_WORK INSTRUCTION_: Your job is to print, exactly, the lines in the data below from the line with "ストライプセットアップ:長袖防晒シャツ+ワイドレッグショートパンツ" through the line with "UERWOWELL Modern Abstract", both included, and to omit any picture.

_MATERIAL PROVIDED_:
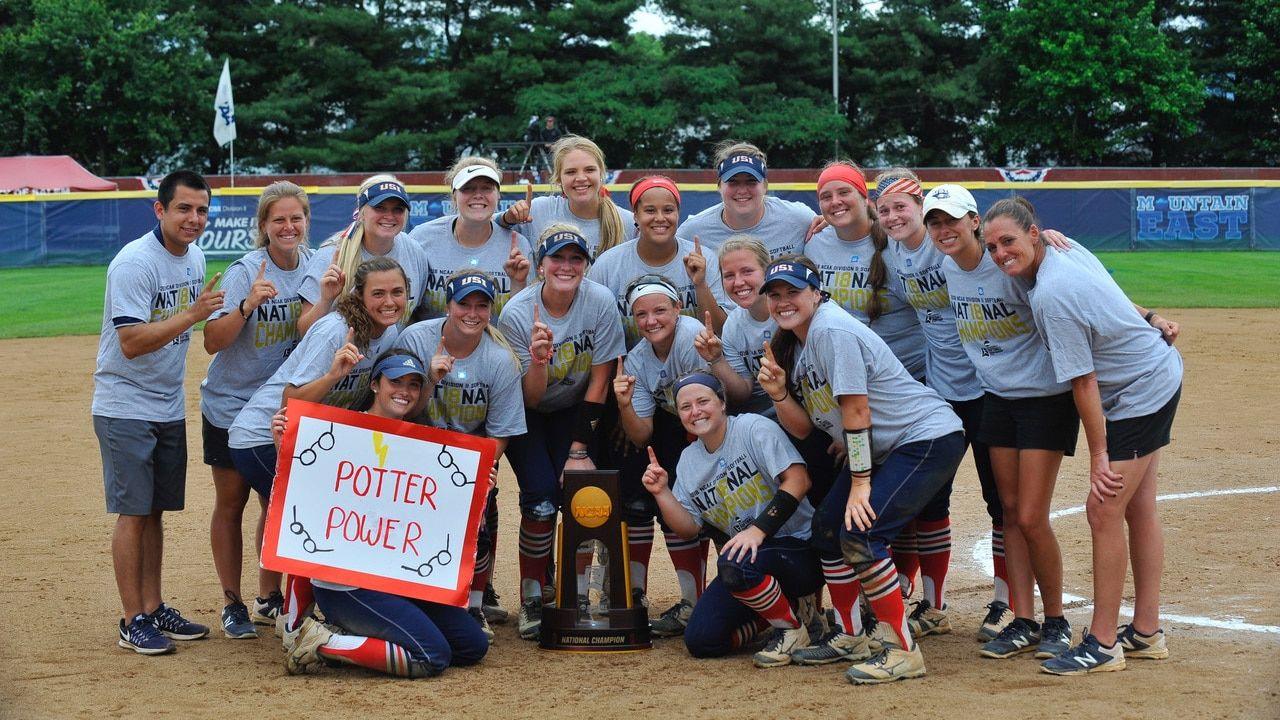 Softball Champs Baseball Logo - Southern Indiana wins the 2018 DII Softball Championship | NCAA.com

==

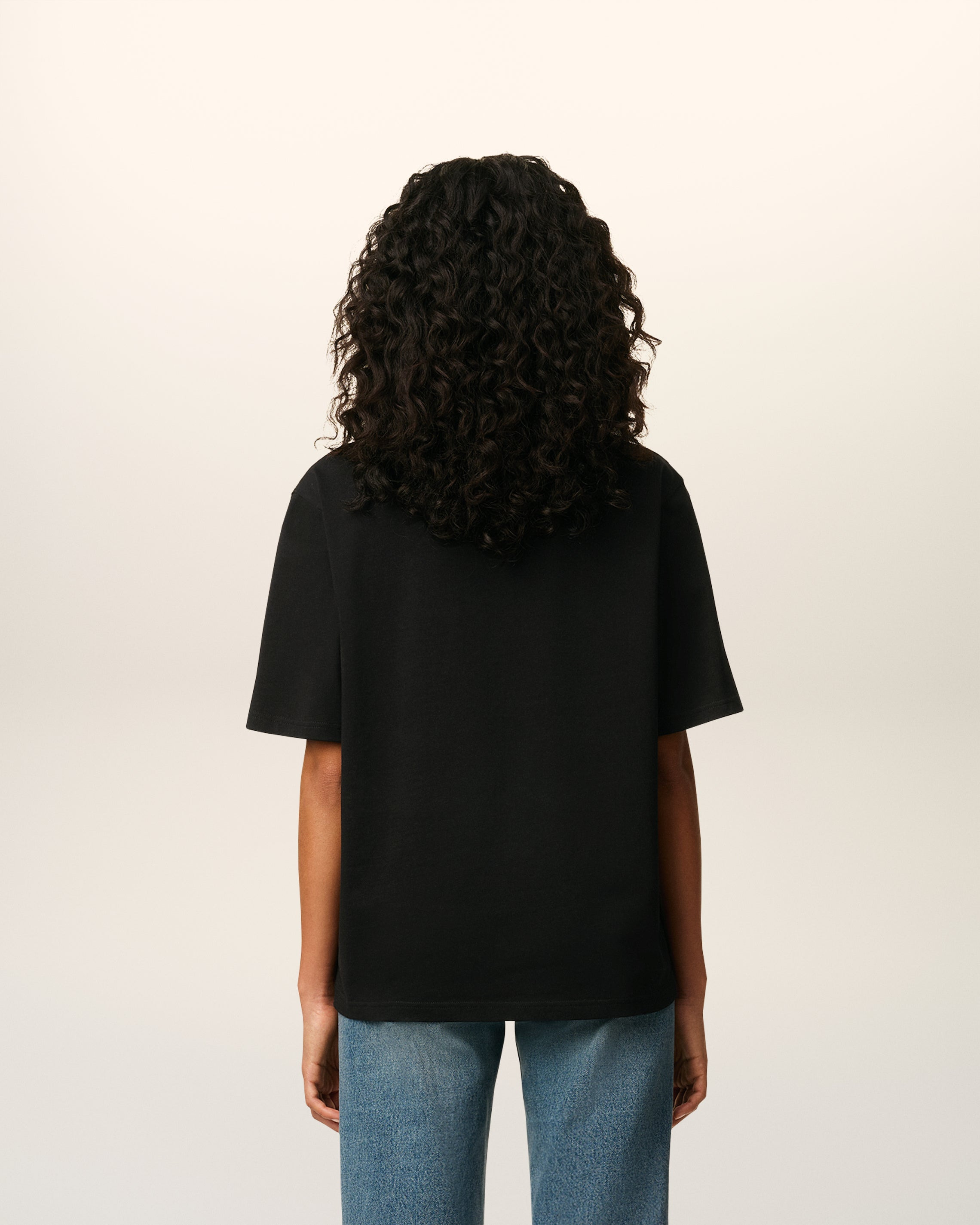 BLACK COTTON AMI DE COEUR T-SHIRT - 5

...

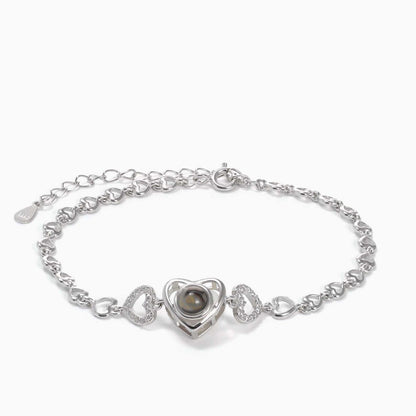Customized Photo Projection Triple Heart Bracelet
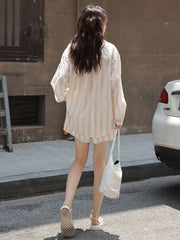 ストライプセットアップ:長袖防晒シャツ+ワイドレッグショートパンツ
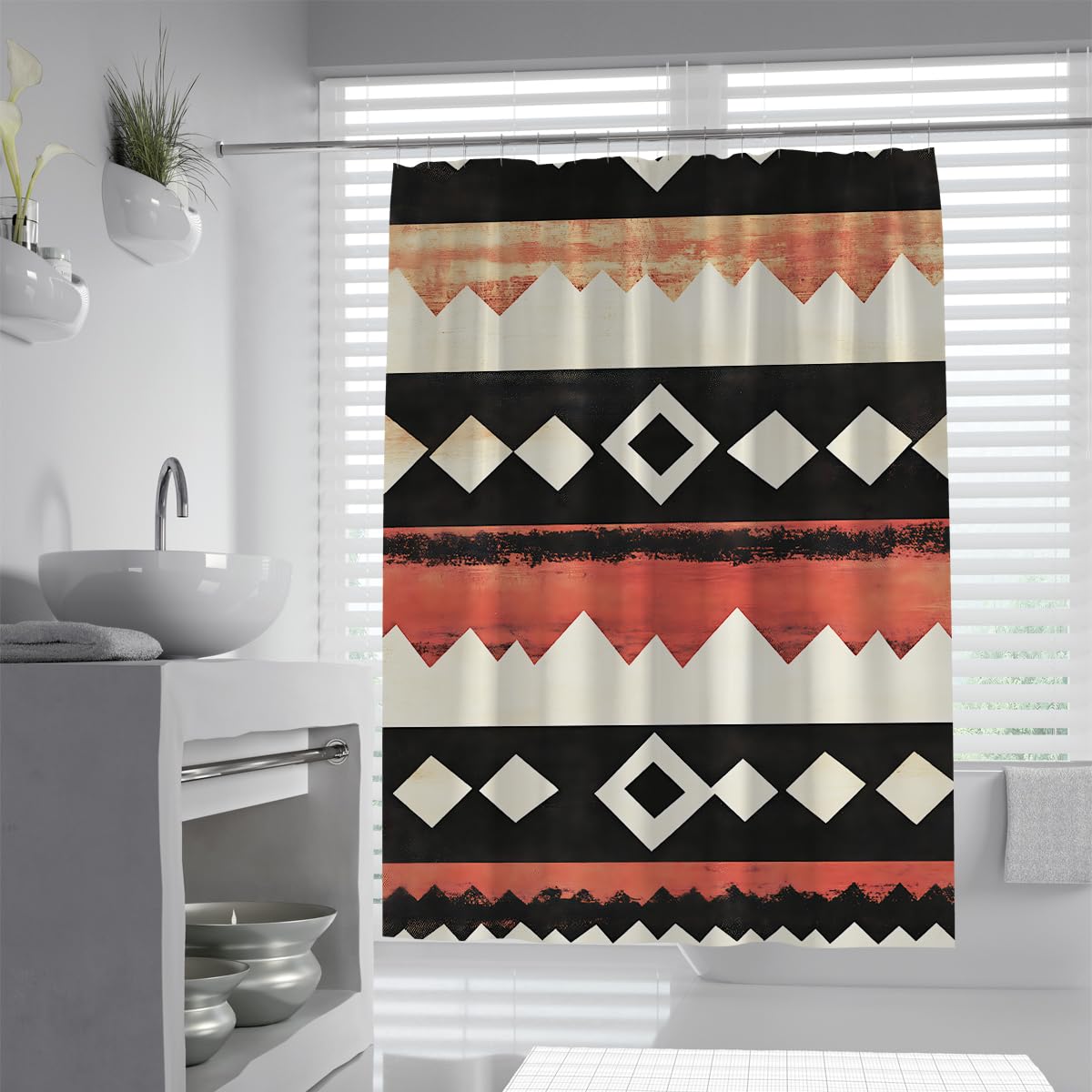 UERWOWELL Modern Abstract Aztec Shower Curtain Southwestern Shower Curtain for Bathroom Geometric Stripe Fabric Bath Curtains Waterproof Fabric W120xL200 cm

_ANSWER TO THIS EXERCISE_:
 ストライプセットアップ:長袖防晒シャツ+ワイドレッグショートパンツ
 UERWOWELL Modern Abstract Aztec Shower Curtain Southwestern Shower Curtain for Bathroom Geometric Stripe Fabric Bath Curtains Waterproof Fabric W120xL200 cm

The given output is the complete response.